Task to carry out: Take the lines below from the one with "Darby Sullivan (darbymadeline)" through the one with "3260 Spruce Street, Denver, CO 80238" and retype them exactly. Include nothing else, and no pictures.

Material for this exercise:
____
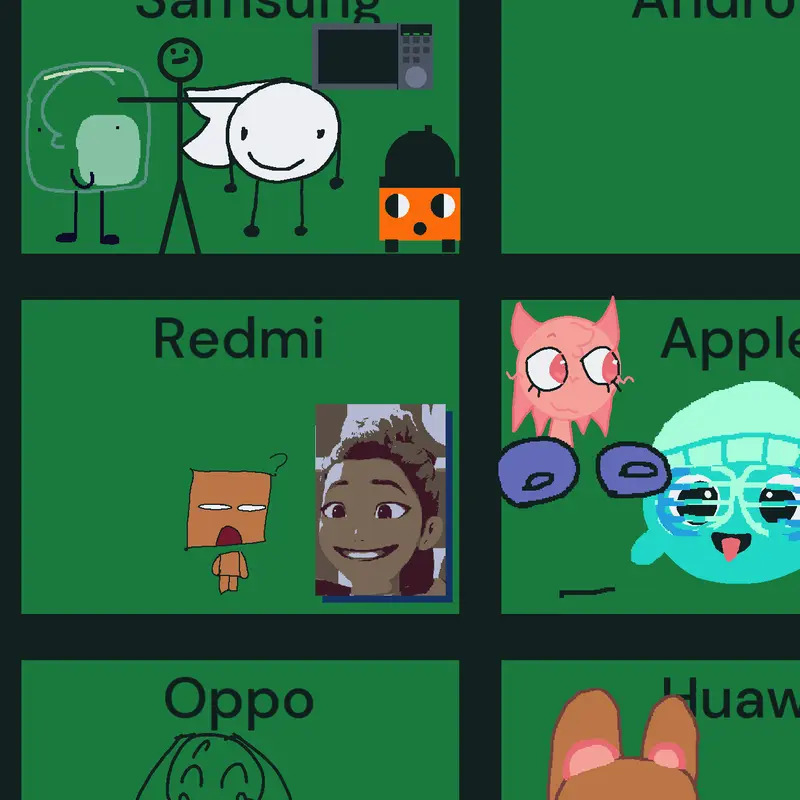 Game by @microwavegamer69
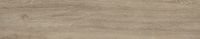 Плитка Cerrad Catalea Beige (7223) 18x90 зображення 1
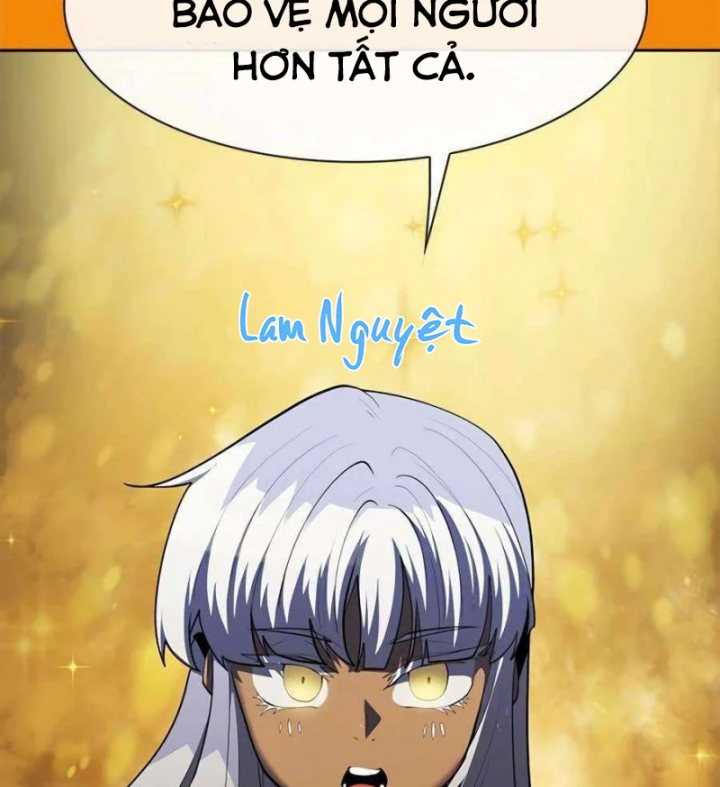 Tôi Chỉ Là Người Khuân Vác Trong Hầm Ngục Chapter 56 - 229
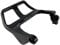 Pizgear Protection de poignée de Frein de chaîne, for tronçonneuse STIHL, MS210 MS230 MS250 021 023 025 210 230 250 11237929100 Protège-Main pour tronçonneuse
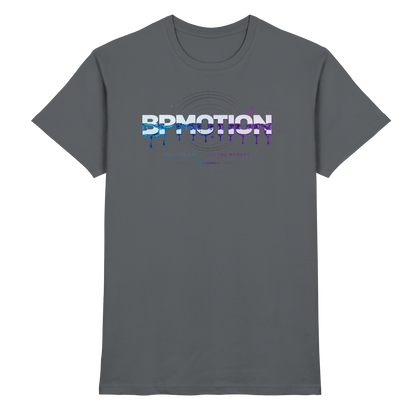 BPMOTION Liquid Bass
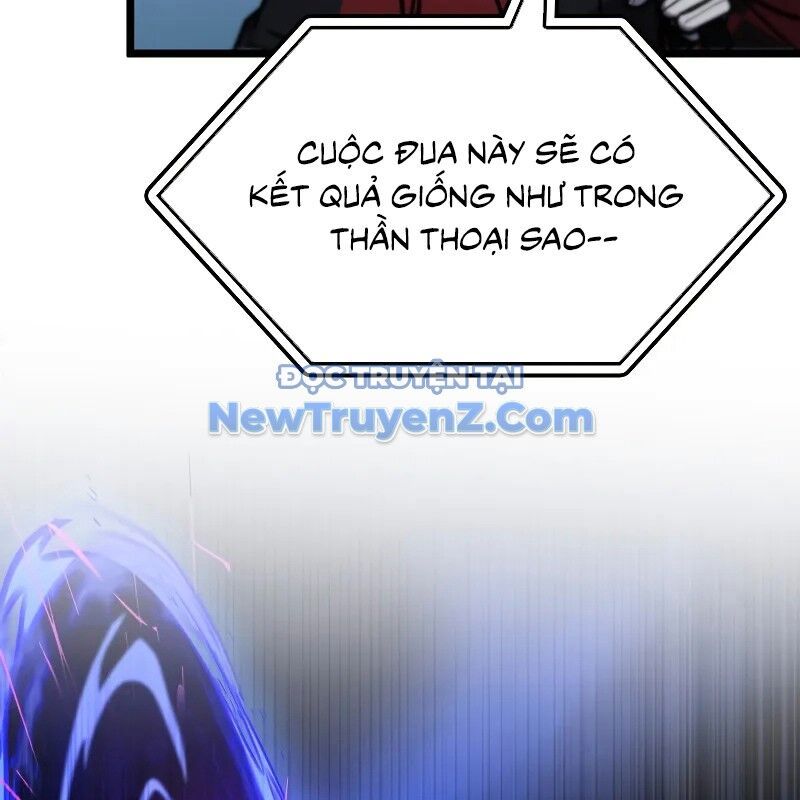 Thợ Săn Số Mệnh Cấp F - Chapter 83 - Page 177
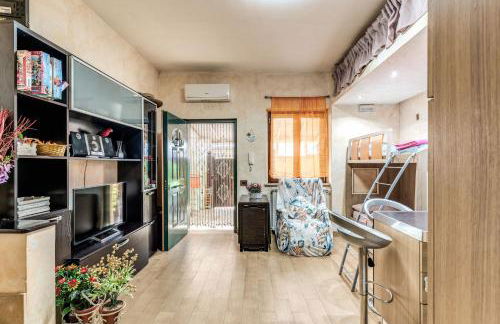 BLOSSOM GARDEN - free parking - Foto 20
____
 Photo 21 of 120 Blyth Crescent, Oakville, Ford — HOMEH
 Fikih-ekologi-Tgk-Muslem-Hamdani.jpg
____
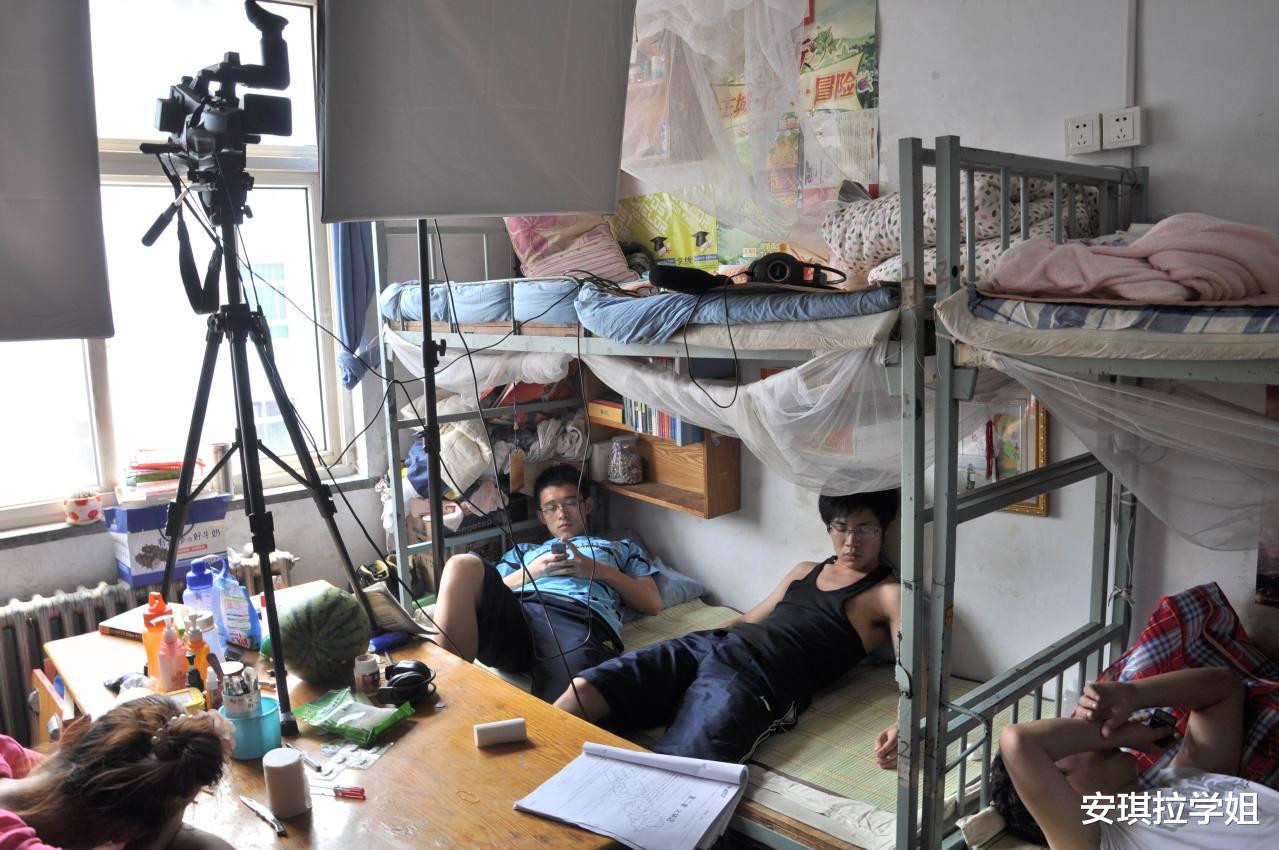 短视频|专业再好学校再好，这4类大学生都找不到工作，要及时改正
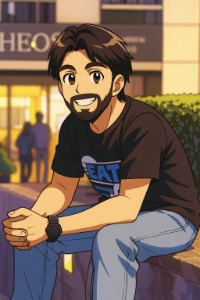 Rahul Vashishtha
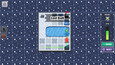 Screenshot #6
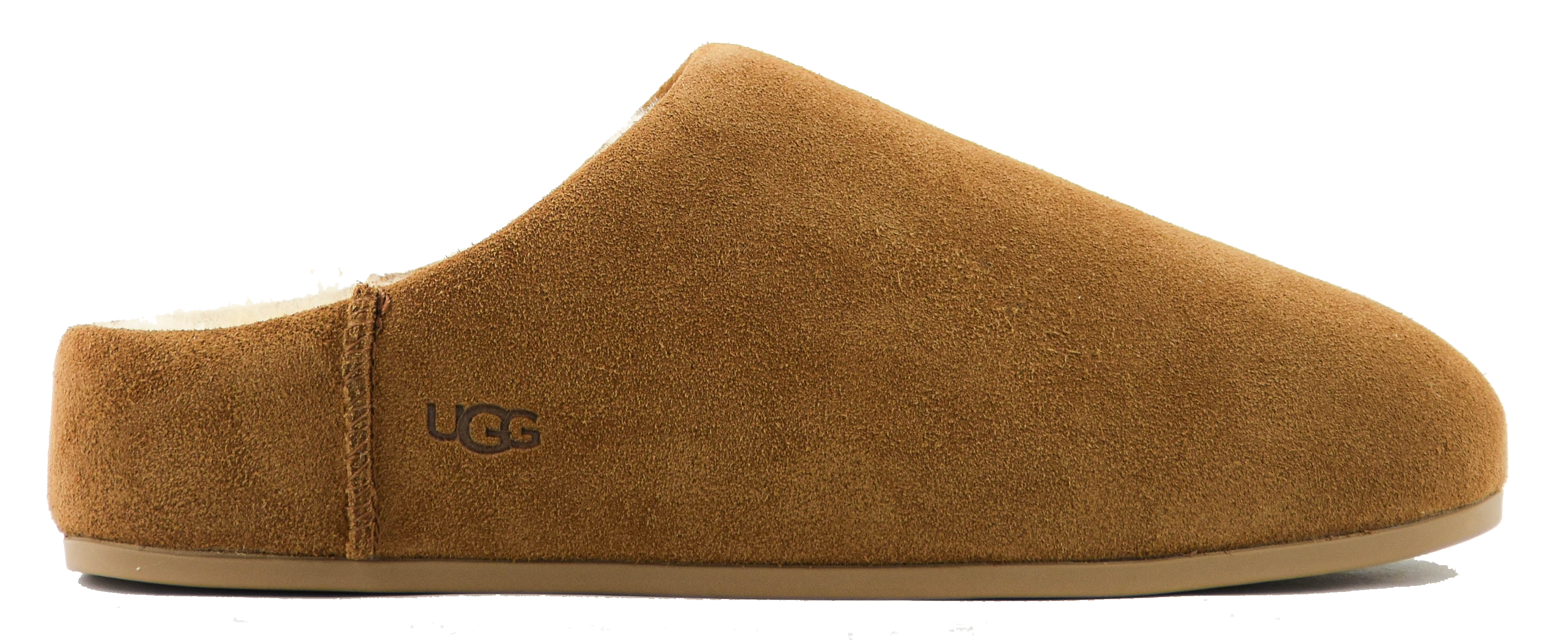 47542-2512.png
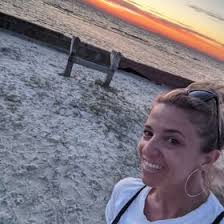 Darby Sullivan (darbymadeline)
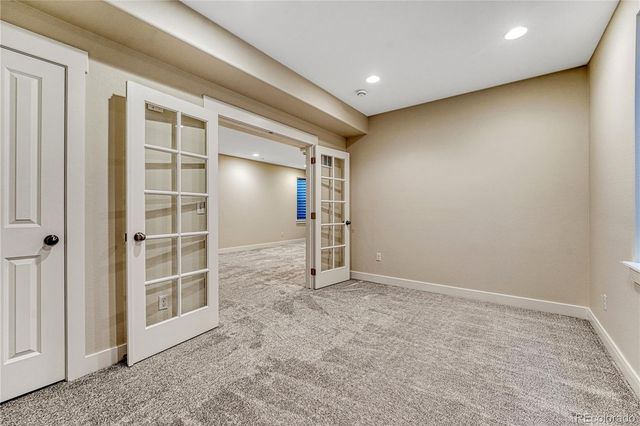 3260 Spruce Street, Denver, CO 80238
____
Answer to this problem:
 Darby Sullivan (darbymadeline)
 3260 Spruce Street, Denver, CO 80238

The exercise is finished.